原画:愛上陸、シナリオ:NATORI烏賊の『催眠学習-Secret Desire-』、2021年3月26日発売予定

 ブランドは「だーくワン!」。本ソフトがデビュー作となる新興ブランドで、細部を端折って端的に説明するとネクストン系列です。原画の「愛上陸(あいうえ・おか)」は同人誌として発行している『催眠性指導』シリーズで有名な18禁漫画家であり、商業でも『イジラレ』という「いじめっ娘グループに催眠術をかけて好き放題ヤりまくる」作品を描くほど催眠モノが好きなクリエイターだ。ちなみに「愛上陸」はユニット名で「waon」と「越前」の二人組。シナリオを担当する「NATORI烏賊」はエロゲーで数多くの催眠モノを手掛けてきたライターであり、『操心術』の「おくとぱす」ともども後続にかなり影響を及ぼしている。2001年の『催眠術』を皮切りに、これまで軽く10本を超える数の催眠エロゲーを物してきました。主人公だったりライバルだったりと、登場する作品によってポジションが変わる名物キャラ「村越進太」を生み出したことでも知られる。が、『催眠術3』発売時に「もう村越はいいだろう」とコメントし、以降は封印する方向へ舵を切った。
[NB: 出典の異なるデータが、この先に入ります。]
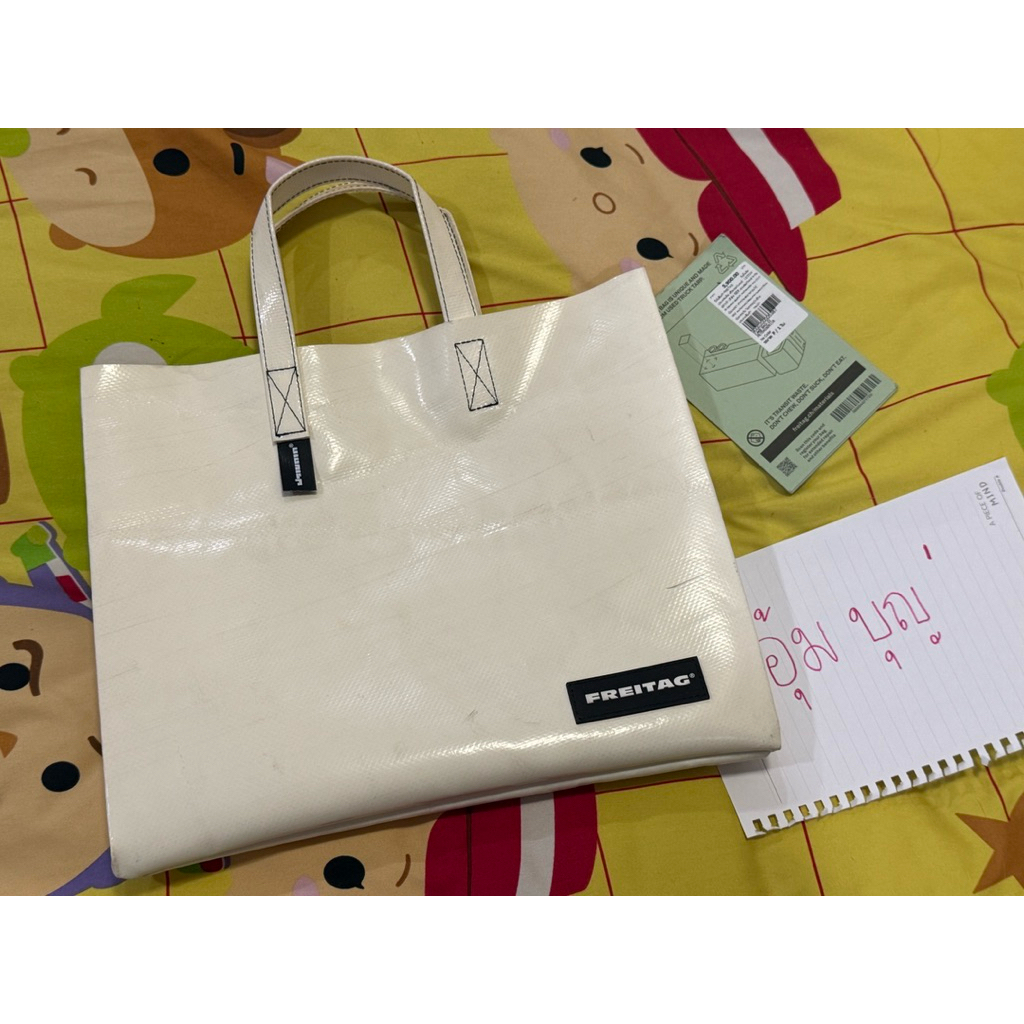 freitag cake bag สีขาว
最後に顔を見せたのは2014年の『催眠術Re』だったかな? 『催眠学園○年生』シリーズでは「初山啓太」というジェネリック村越なキャラを出しているけど。

 『催眠学習』は今年の5月に美少女文庫から発売された挿絵付きエロ小説であり、本ソフトはそのPCゲーム化という位置付けになる。エロ小説のエロゲー化はそう頻繁に行われるものではないが、過去にも「綺羅光」原作の『女教師・恥辱の旋律』がリリースされています。他は……なんかあった気がするけど忘れた。ともあれ『催眠学習-Secret Desire-』はNATORI烏賊曰く「小説には無かった追加シーンもあれこれ!」とのことで、小説版をベースにしつつ内容を強化したものになるみたいだ。価格は税抜きで3000円台、ロープライスだから大幅な追加は期待できないかもしれない。気になるのはだーくワン!の2作目以降の企画ですね。またこのコンビで催眠モノをやるのか、それともまったく別の路線にチャレンジするのか。とにかく来年の3月が待ち遠しいです。
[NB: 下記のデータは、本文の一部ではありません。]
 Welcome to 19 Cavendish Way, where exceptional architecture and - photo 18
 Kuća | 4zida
【予告】第2部 第5.5章「地獄界曼荼羅 平安京 轟雷一閃」開幕予定!

 渡辺綱と「キャスターリンボ」こと蘆屋道満の実装は予想の範疇。マスターレベルの上限解放も嬉しかった。だが、一番気になったのはCMにチラッと映る牛若丸っぽいキャラ。牛若丸オルタのように見た目をちょっとだけ変えたユニークエネミーなのか、それとも私がずっと待望していた「源義経」なのか……判断材料が少な過ぎて何とも言い切れない。期間限定イベントだと水着以外でピックアップ2が来ることはほとんどないのですが、5.5章は常設シナリオ扱いみたいなので普通にピックアップ2が始まる可能性高いんですよね……なので道満と綱のピックアップはスルーして、義経(仮)が来るかもしれないPU2に備えます。来なかったら来なかったで呼符と石は新規クリスマスイベント(あるよね?)に突っ込む。
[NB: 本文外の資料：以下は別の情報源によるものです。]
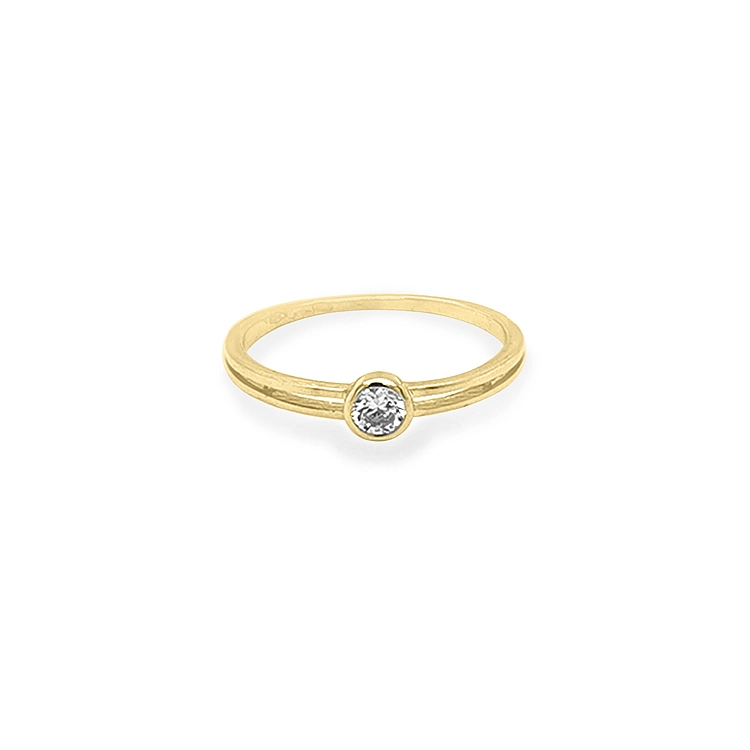 Nhẫn đính hôn bằng vàng với đá zircon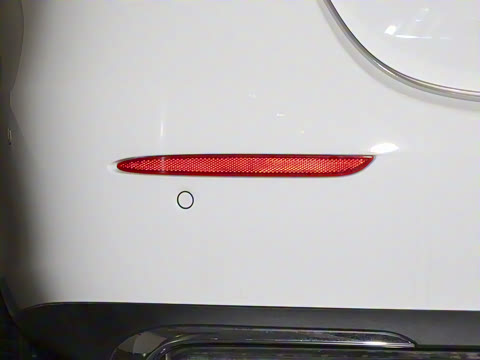 2025�� �Ŀ� E 300 L ������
 それにしても情報量の多いアニメCMだった……「明らかに平安関係ないやろ!」ってサーヴァントも何騎か混じっているし。ひと際浮いてるパラケルスス(というかお前空飛べるのか)のチョイスに戸惑ったが、シナリオライターがたぶん桜井光(まったく作風を隠す気のないテキストで笑う)だからパラッキーは持ちキャラなわけだな。茨木・酒呑は当然として、紫式部や清少納言にも見せ場があるようで心躍った。けど玉藻の姿が見えないのはいったい……? 今回まさかの出番/Zeroなのか? 玉藻ファンってば冷遇され過ぎて憤怒の堰が決壊しそうになっとるんじゃが。開幕直前キャンペーンで「関連サーヴァント」として名指しされているし、「※第2部 第5.5章「地獄界曼荼羅 平安京 轟雷一閃」のメインストーリーには、上記対象サーヴァント以外のサーヴァントも登場する予定です。」という文言から察するに玉藻が出てこないなんてことはないはず。CMに顔を見せていないということは、よっぽど核心に触れる場面で登場するのか?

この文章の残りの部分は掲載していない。